Settlement is very similar to subsidence in the sense that both lead to a loss of elevation. Subsidence is caused by the reduction in volume of the soil that leads to vertical displacement. 

Some foundation settlement is perfectly normal over time. Your home is heavy, and soils can compact more over time under the weight of your home. The amount of settlement typically varies based on the types of soils under your home. Soils such as saline, non-cohesive soils, gypsum, silt, and clay can create more settlement. In contrast, bedrock will settle much less.

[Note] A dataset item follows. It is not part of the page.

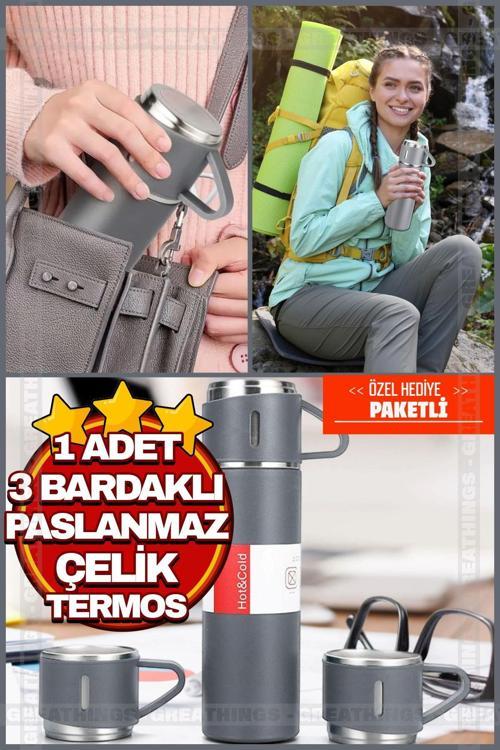 Gri Piknik Kamp Termosu Paslanmaz Çelik 3 Bardaklı 500 Ml Vakumlu Çay Kahve Sıcak Soğuk Termos Seti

There are two types of settlement – uniform and differential.

Uniform settlement is when your foundation rests on the same types of soils and settles at nearly the same rate. It creates an even shift in the elevation around the property. This means that less damage is likely to occur to the home or property. The most common damage with uniform settlement is to utilities such as sewer or water supply. Other symptoms may include jammed doors and windows.

Differential settlement, settlement at different rates throughout a foundation, is the more common type of settlement. This means that certain pieces of your foundation are settling at different rates. In many cases, this may mean that the outer perimeter of the foundation or a specific corner is settling at faster rates than the center of the home.

When your foundation has differential settlement, you can experience many more issues within the home. Damages may include distortion of the framing, sloping or uneven floors, cracks in interior or exterior walls, and more. Some homes may even experience issues with foundation cracks and structure.